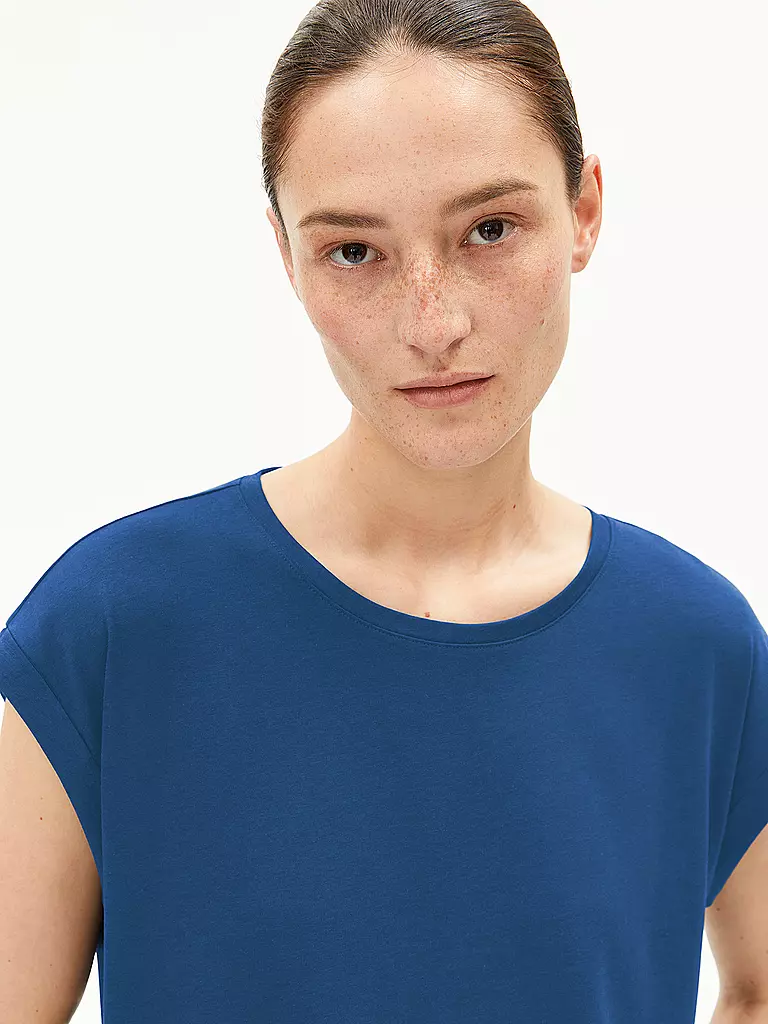 ARMEDANGELS | T-Shirt JILAANA | blau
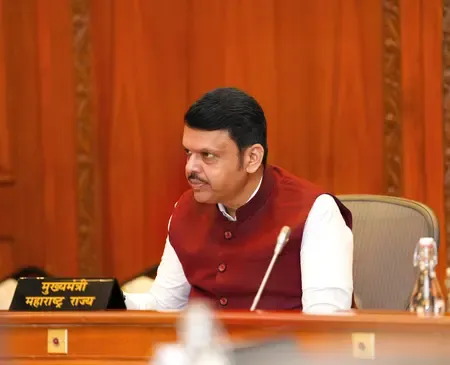 Did the Maha govt authorize district funds for flood relief work?
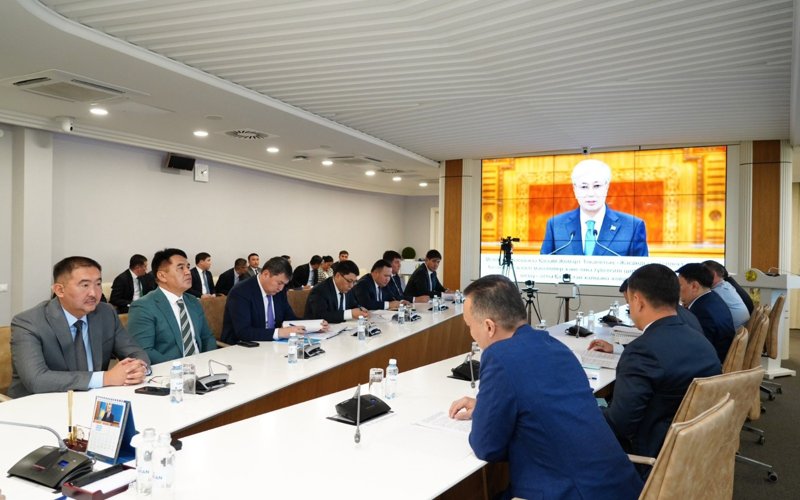 Tsıfrlyq tehnologııalar men agrosektorǵa basymdyq: Túrkistanda keńeıtilgen jıyn ótti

• Work to be completed
Set down the material above as is, without any pictures.

• Written solution
 ARMEDANGELS | T-Shirt JILAANA | blau
 Did the Maha govt authorize district funds for flood relief work?
 Tsıfrlyq tehnologııalar men agrosektorǵa basymdyq: Túrkistanda keńeıtilgen jıyn ótti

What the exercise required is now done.